Repeat precisely the line in which "Tartan Vibes Clothing" occurs and all lines that follow it in the entries below. Pictures must be omitted.
--- START ---
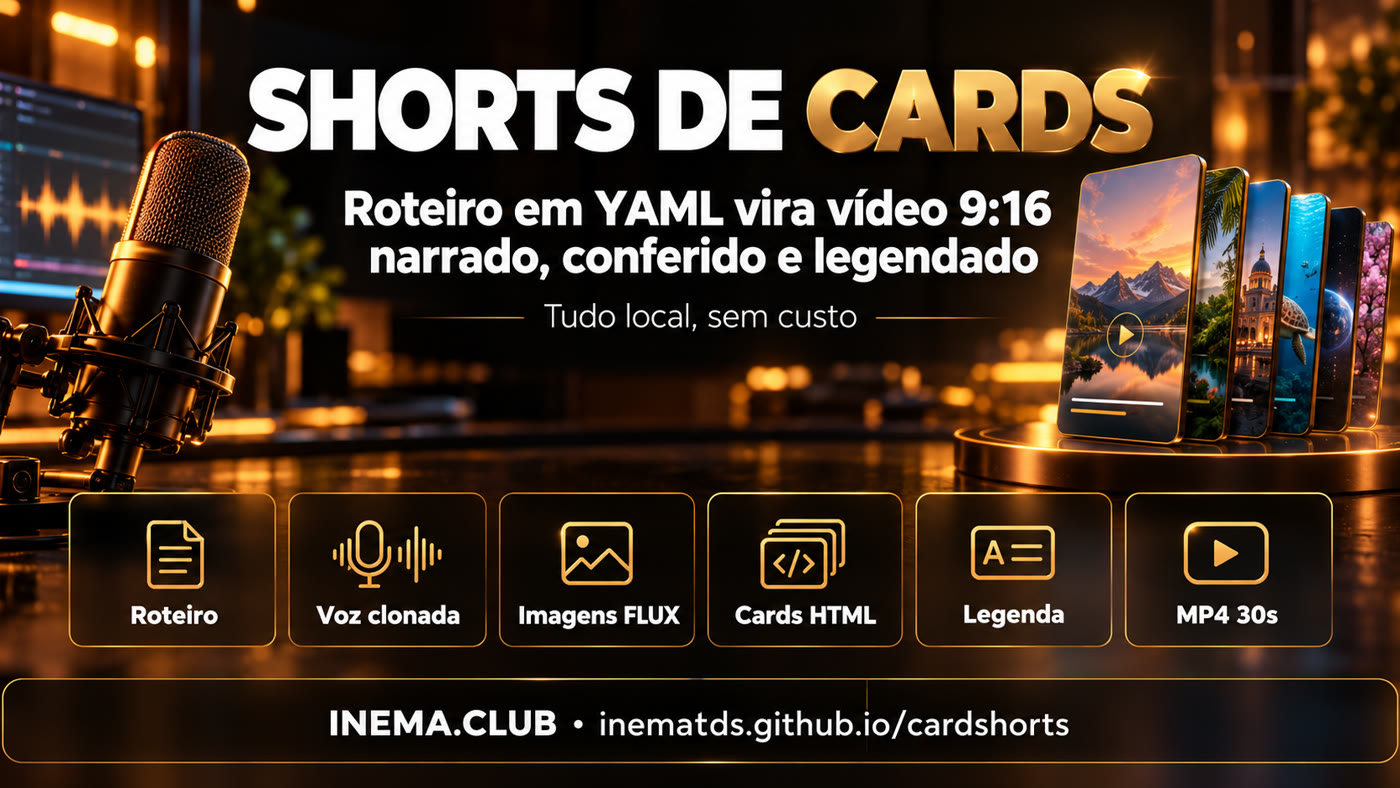 Etapas do cardshorts: roteiro, voz, imagens, cards, legenda e vídeo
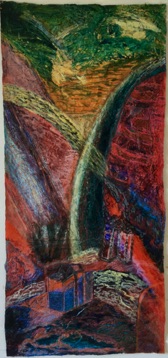 Deluge, Flood Through Mountains, Ruined Castle, Mixed Media on Nepalese
paper, 120 x 55cm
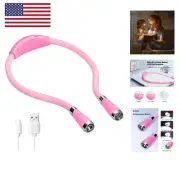 LED Neck Book Light USB Rechargeable, Hands Free, 4 Super Bright LED Bulbs, 3...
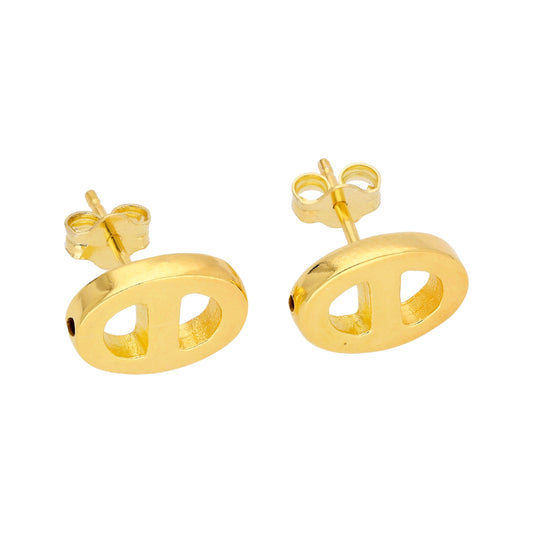 Gold Plated Sterling Silver Chunky Link Stud Earrings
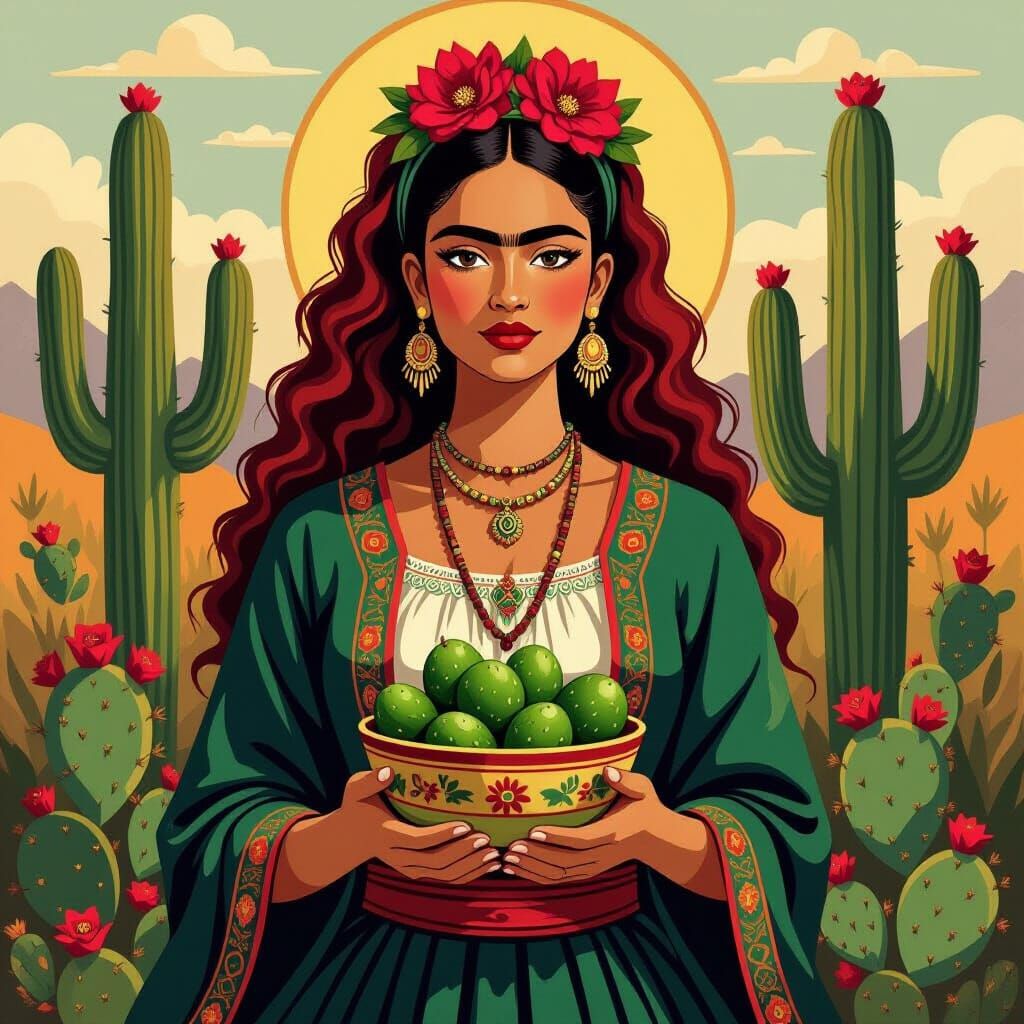 Southwest Goddess with Cacti, Kahlo Style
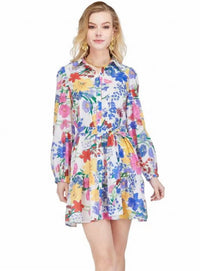 Joy Joy - Ruffles Hem Shirt Mini Dress
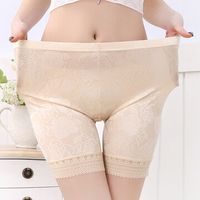 Comfortable Seamfree Lace-trim Jacquard Stretchy Breathable Boyshorts For Women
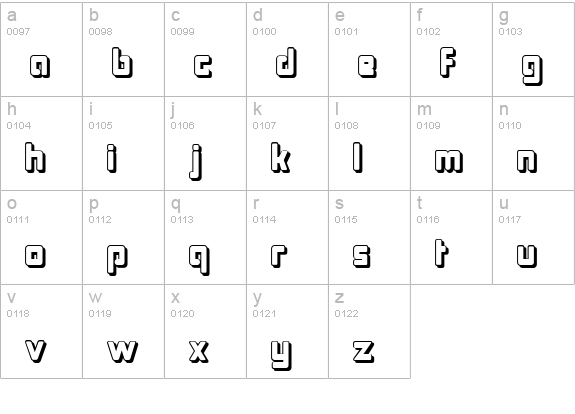 Bonk Offset lowercase a-z preview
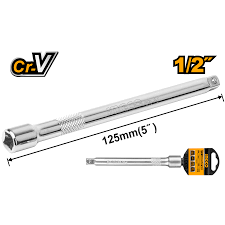 Ingco 1/2-Inch Drive 5-Inch Extension Bar | Premium Chrome Vanadium Steel Long Reach Socket Wrench Extender for Automotive and Mechanical Repairs (HEB12051)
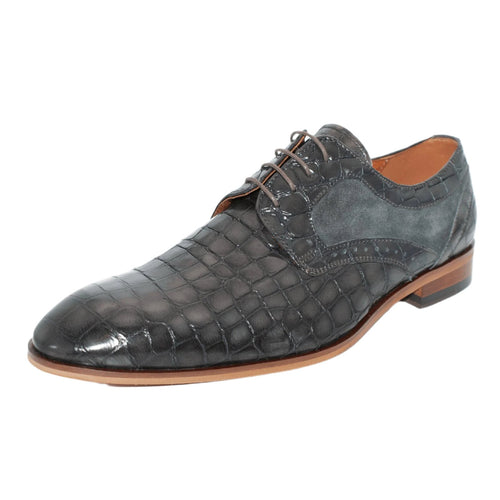 Grey Crocodile Skin Effect Derby - Lacuzzo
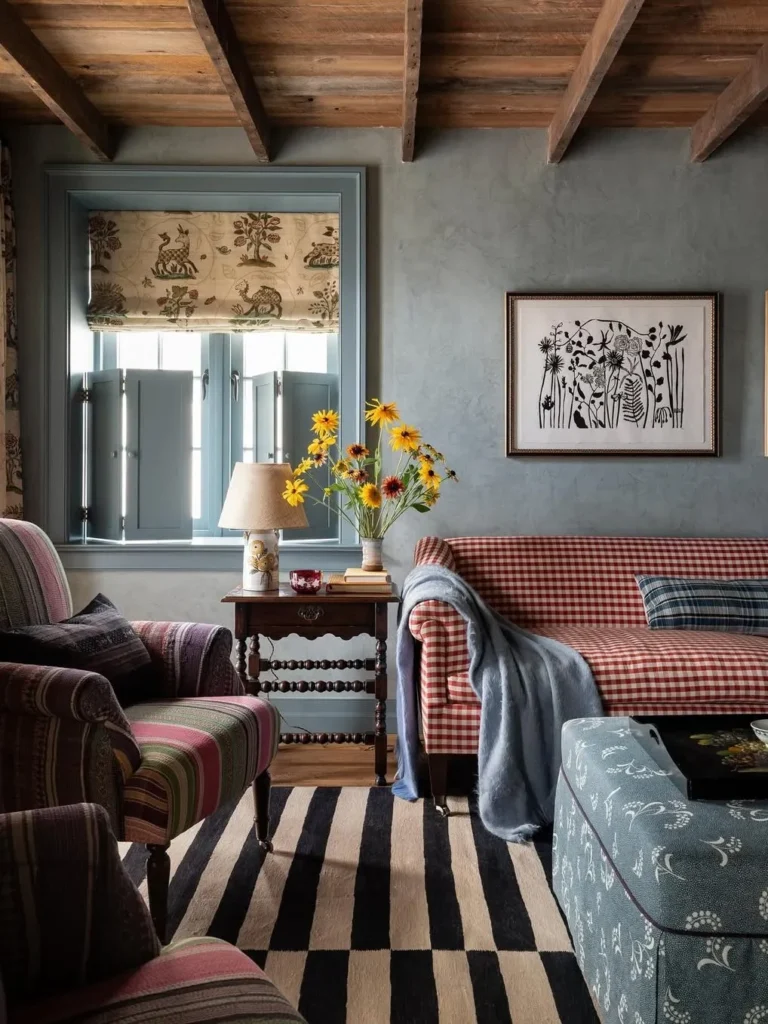 Cottage Family Room With Checks and Vintage Details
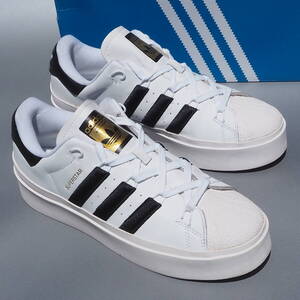 美品 27,5cm 限定 22年製 adidas SUPERSTAR BONEGA W 白ｘ黒レザー 天然皮革 厚底 スーパースター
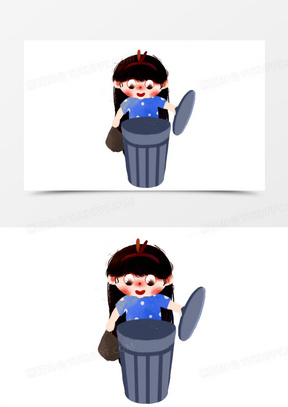 卡通手绘小女孩扔垃圾素材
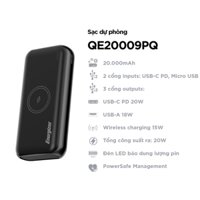 Sạc dự phòng Energizer 20,000mAh /3.7V Li-Polymer - QE20009PQBK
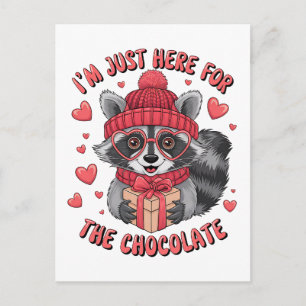Valentijnscadeau Ik ben hier alleen voor de choc Briefkaart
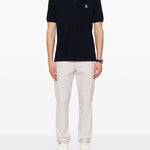 Polo con ricamo in nero Brunello cucinelli - uomo 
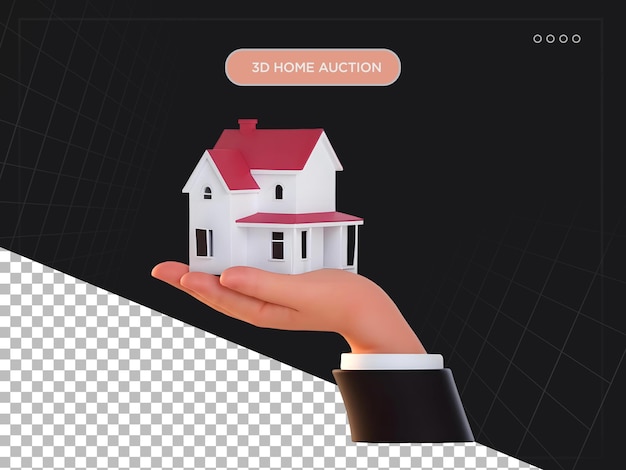 Illustration 3D de la vente aux enchères de maisons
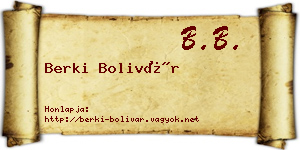 Berki Bolivár névjegykártya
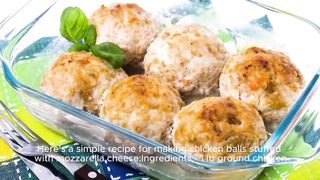 Delicious chicken balls stuffed with mozzarella a sticky and delicious recipe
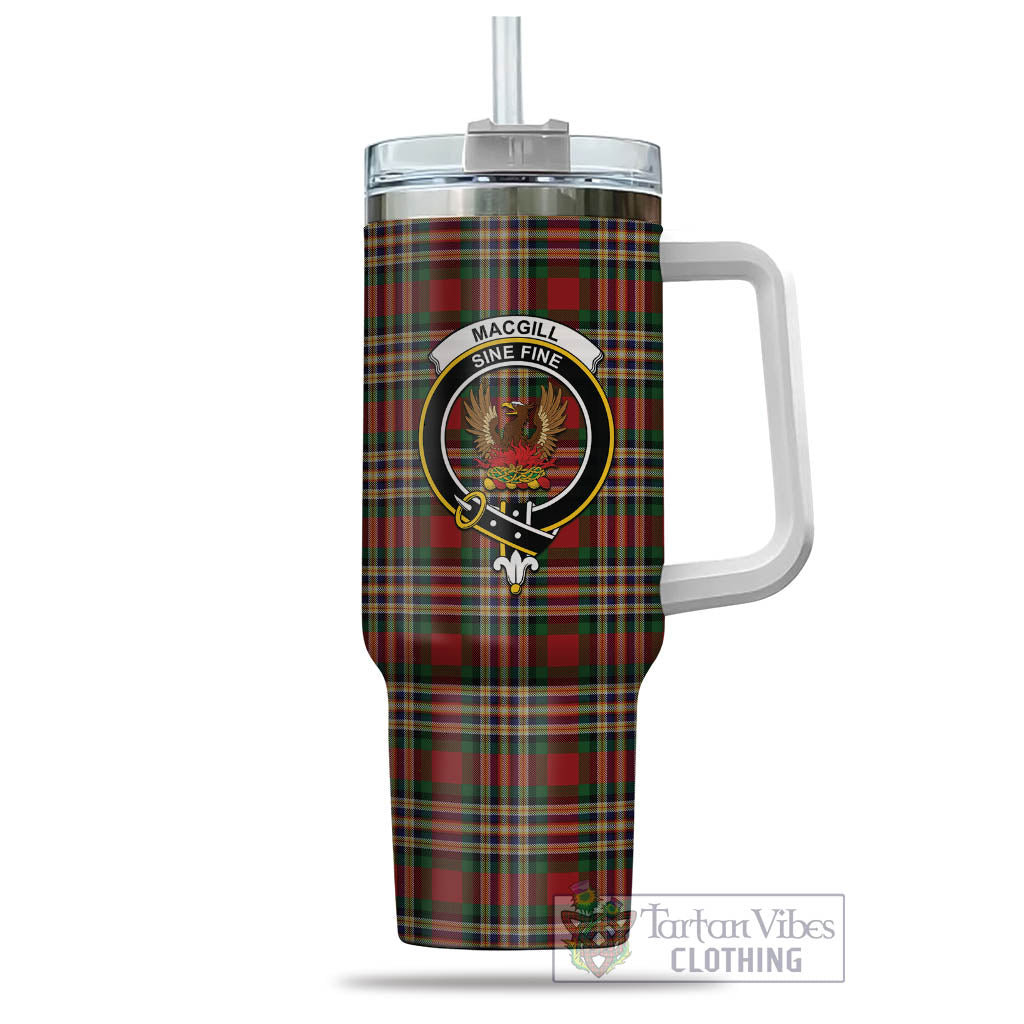 Tartan Vibes Clothing MacGill Tartan and Family Crest Tumbler with Handle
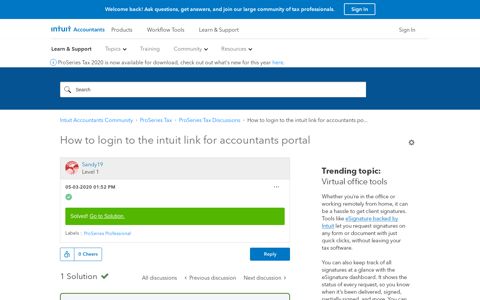 Solved: How to login to the intuit link for accountants po ...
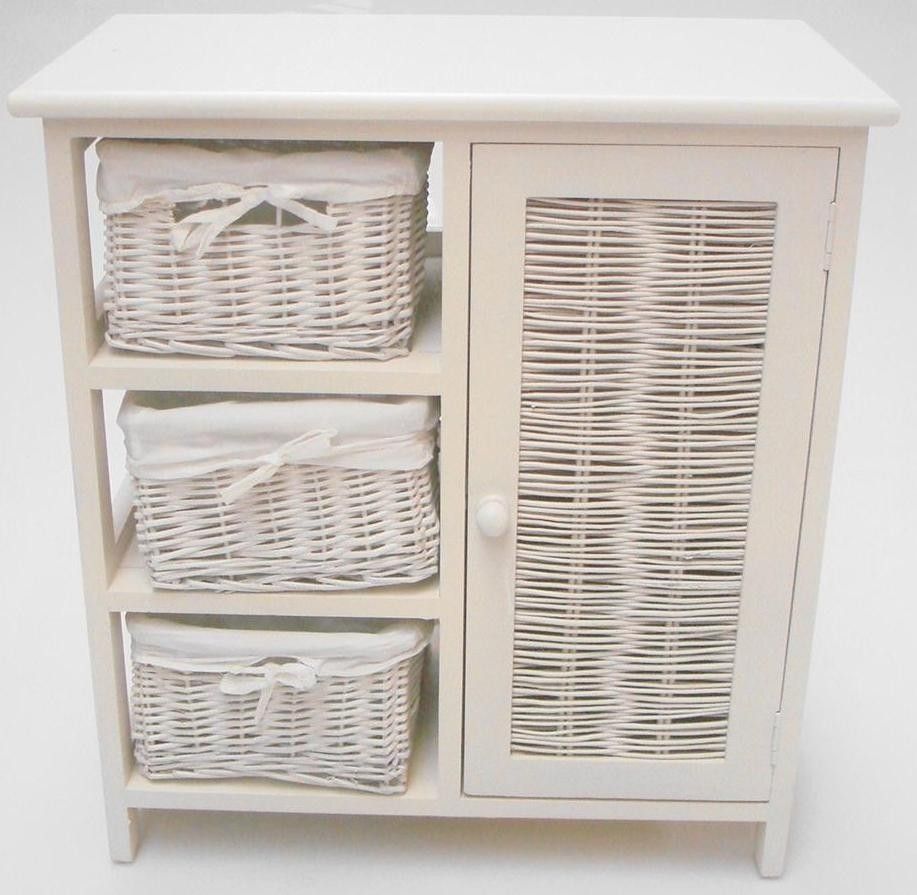 Bathroom Storage White Wicker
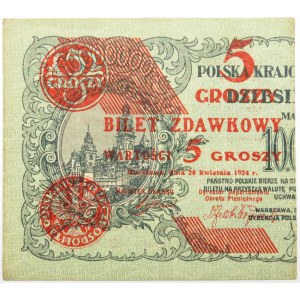 Polska, II RP, bilet zdawkowy 5 groszy 1924, lewa połówka, UNC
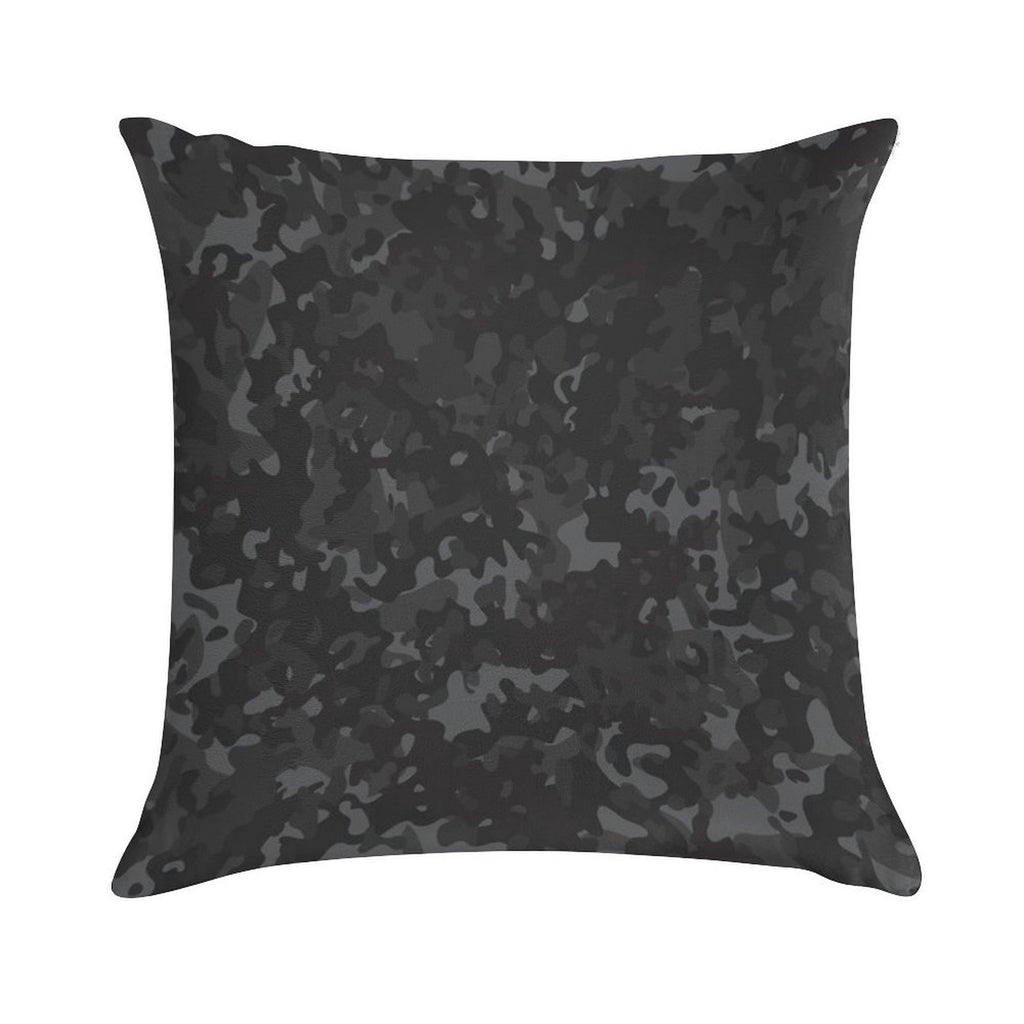Charcoal Camouflage Black Grey Night Camo Soft Warmth Comfort Throw Pillow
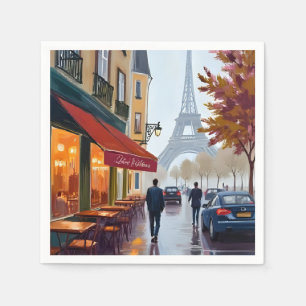 Paris French Cafe Eiffel Tower Watercolor Napkin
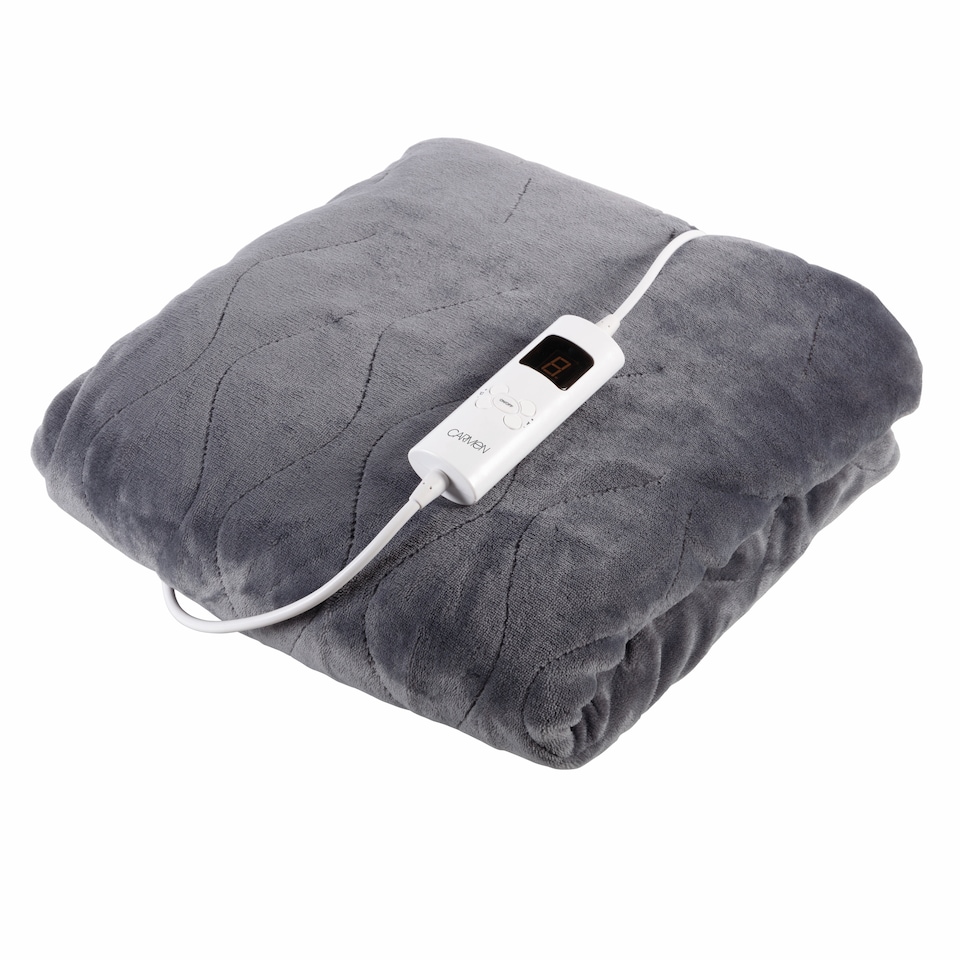 image 1 of Fleece Electric Over Blanket 160cm x 130cm Grey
--- END ---
▶ [Reply]:
 Tartan Vibes Clothing MacGill Tartan and Family Crest Tumbler with Handle
 Solved: How to login to the intuit link for accountants po ...
 Bathroom Storage White Wicker
 Polska, II RP, bilet zdawkowy 5 groszy 1924, lewa połówka, UNC
Charcoal Camouflage Black Grey Night Camo Soft Warmth Comfort Throw Pillow
 Paris French Cafe Eiffel Tower Watercolor Napkin
 image 1 of Fleece Electric Over Blanket 160cm x 130cm Grey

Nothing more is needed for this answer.